冬の朝,わが家から,琵琶湖の奥に伊吹山が見えることがあります。はっとするほどの美しさ。
 「冬は早朝(つとめて)」という枕草子の一節を思い出しつつ,寒さも忘れて見入ってしまいます。
 春になると,伊吹山が遠くに霞み,はっきりと見えることは少なくなりますが,夜明け前,あたりが少し白んでくると,手前の琵琶湖の湖面が黒から白に変わる瞬間に遭遇することがあります。
 「春はあけぼの…」
 四季折々特別な風景を眺められることは本当に幸せだと感じます。
 ところで,「枕草子」は高校で暗記したはずなのに,さて,夏と秋はなんだっけ。
 工学広報No.73 をお届けします。
 本号巻頭言では,大嶋研究科長より,研究科長として3 年目の抱負を伺いました。
 随想では,本年3 月末に本学をご退職されました教授方のうち,田畑 修氏,北村隆行氏より,研究生活にまつわる思い出等を伺いました。
 解説では,本年4 月に開館し運用を開始しました桂図書館について,2019 年度工学部長特別賞を受賞されました2 団体より,活動の概要等について,紹介していただきました。

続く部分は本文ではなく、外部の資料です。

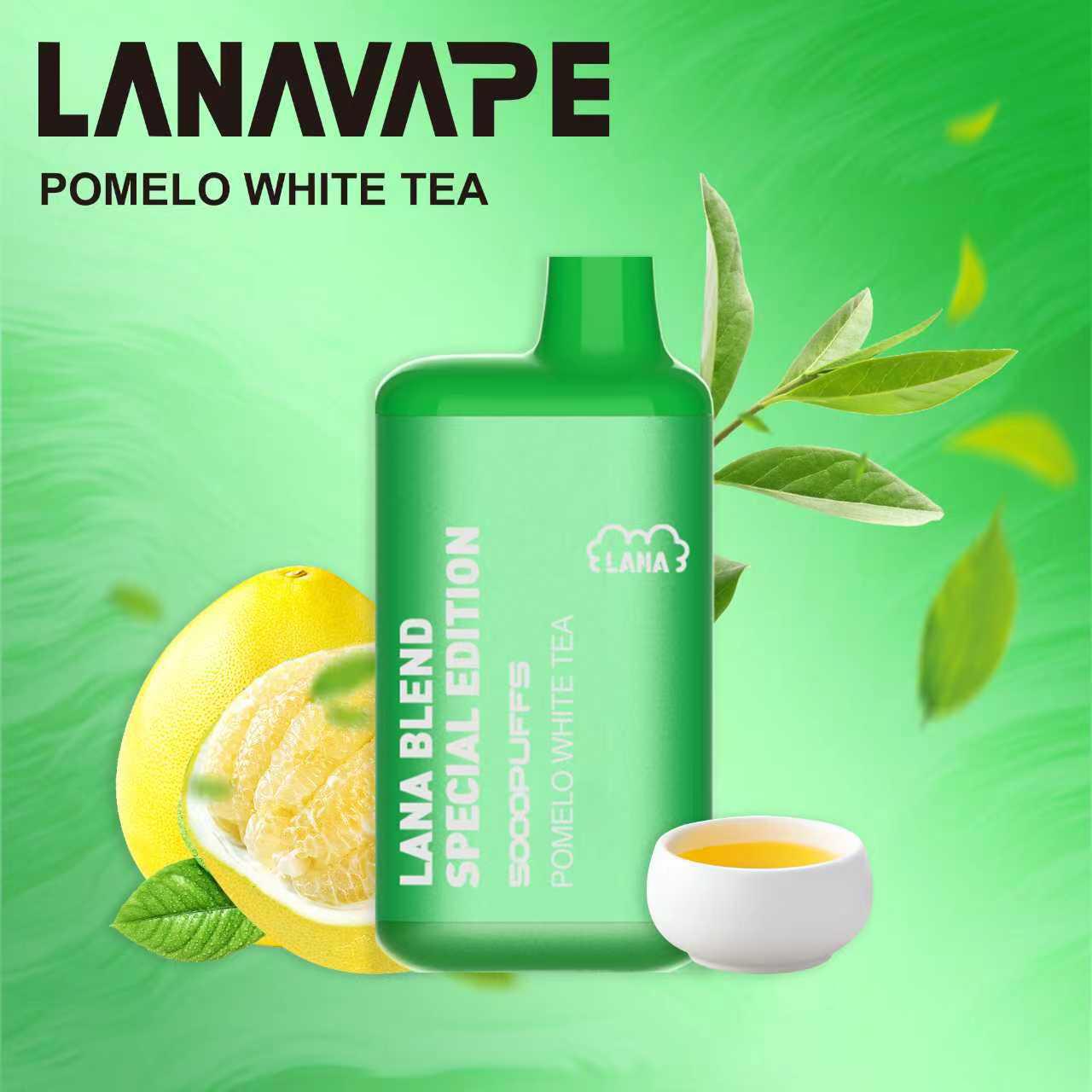lanavape no2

また,令和元年度工学研究科馬詰研究奨励賞受賞者を紹介しております。
 また,卒業生紹介として,新谷祐介氏より,学生生活の思い出や現在の業務等について,若手教員紹介として,徐 世博氏,太田裕通氏より,現在取り組まれている研究のことや将来の抱負について,技術部の波多野直也氏より,教育研究支援に奮闘されている様子を紹介いただきました。
 今号では,本研究科卒業生の吉野 彰氏がノーベル化学賞を受賞されたことから,田中一義氏より寄稿をいただきました。
 ご多忙にもかかわらず,原稿依頼をご快諾いただき,貴重な時間をさいてご執筆くださいました皆様に,厚く御礼申し上げます。